= Peter Aderhold =

German composer and conductor

Peter Aderhold (born 1966) is a German composer, conductor, and music educator known for his work in opera, orchestral music, and contemporary classical composition.

== Life and career ==
Born in Berlin, Aderhold studied conducting (with Horst Förster, Olaf Koch, Heinz Rögner) and composition (Günter Kochan) at the Hochschule für Musik Hanns Eisler Berlin from 1982 to 1988. In 1988, he passed his Staatsexamen in composition with the ballet music Diana; this he premiered as conductor on the occasion of the GDR Music Days in Berlin in 1990 with the Berlin Symphony Orchestra; it was broadcast several times on radio and television. From 1988 to 1993, he was conductor at the Volkstheater Rostock, then in 1994/95, he moved to the Theater Krefeld und Mönchengladbach as conductor. Since 1991, he has been chief conductor of the Mecklenburg-Vorpommern State Youth Orchestra (among others first prize in the 1997 "Youth and Music in Vienna" competition).

From 1995 to July 2000, he was first Kapellmeister and deputy general music director at the Stadttheater Bremerhaven. Since August 2000, he has been living in Berlin as a freelance composer and conductor. He has been responsible for the musical direction of several productions (among others In the Penal Colony by Philip Glass and Bremer Freiheit by Adriana Hölszky) at the Berliner Kammeroper. He has also worked as a guest conductor with the Staatskapelle Berlin, Dresden Philharmonic, Mecklenburgische Staatskapelle, Schwerin Philharmonic and the Hall Philharmonic. Since 2003 he has led the Akademisches Orchester Berlin.

Aderhold wrote symphonic works as well as the chamber opera Odysseus and the Stranger for the Opernhaus Zürich (2001) and the opera Luther on the occasion of the reopening of the Theater Erfurt. He performed his composition Fanfare for Orchestra with the Akademisches Orchester Berlin in 2008 on the occasion of its 100th anniversary. In 2011, he wrote Meditation - Concerto for Alphorn and Orchestra for the same orchestra.
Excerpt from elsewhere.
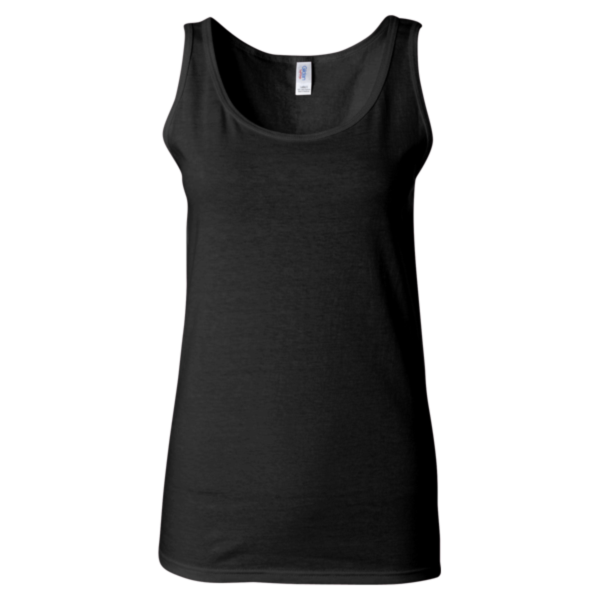 Gildan Women's Softstyle® Tank Top, Black, Front view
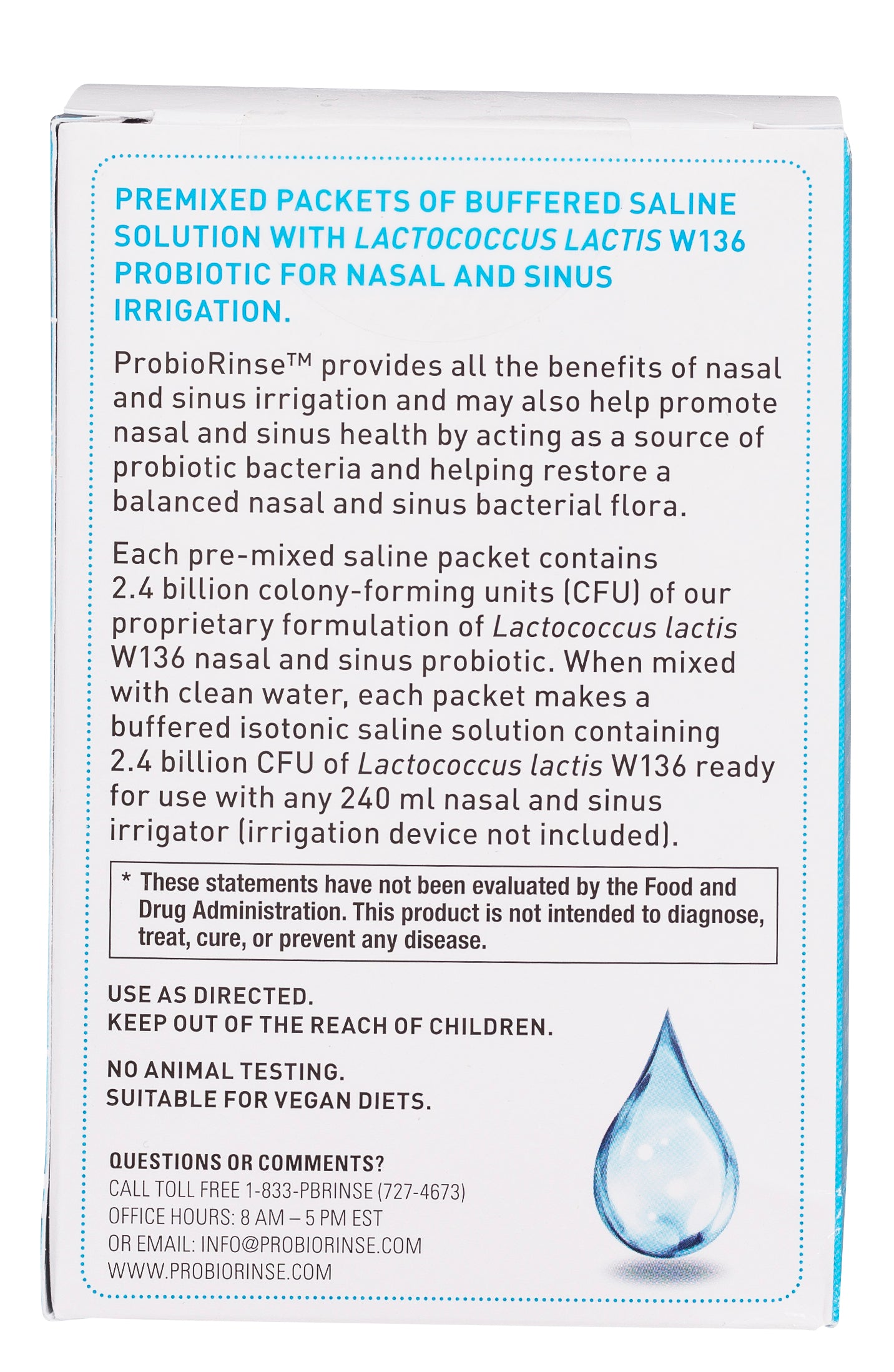 Probiorinse™  Nasal and Sinus Irrigation Solution with Probiotics - Probionase Therapies™ Inc.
His Concerto for one Player with two Saxophones and Orchestra, written for Branford Marsalis, was premiered on 12 February 2012 in Frankfurt by the latter and the Theater Krefeld und Mönchengladbach conducted by Sebastian Weigle.

Aderhold was a visiting professor at the Konrad Wolf Film University of Babelsberg from 2011 to 2012. (compositional technique, instrumentation and conducting in the film music course) and is a lecturer at the Hanns Eisler Academy of Music in Berlin (instrumentation, composition, ear training).

On 22 April 2016, his second opera Orlando based on the eponymous novel by Virginia Woolf was premiered at the Staatstheater Braunschweig and won the Opera Prize Braunschweig in 2014.

== Prizes and awards ==
For his ballet music Diana, he received the Prize of Criticism of the Music Criticism Commission of the Association of Composers and Musicologists of the GDR at the 1990 GDR Music Days.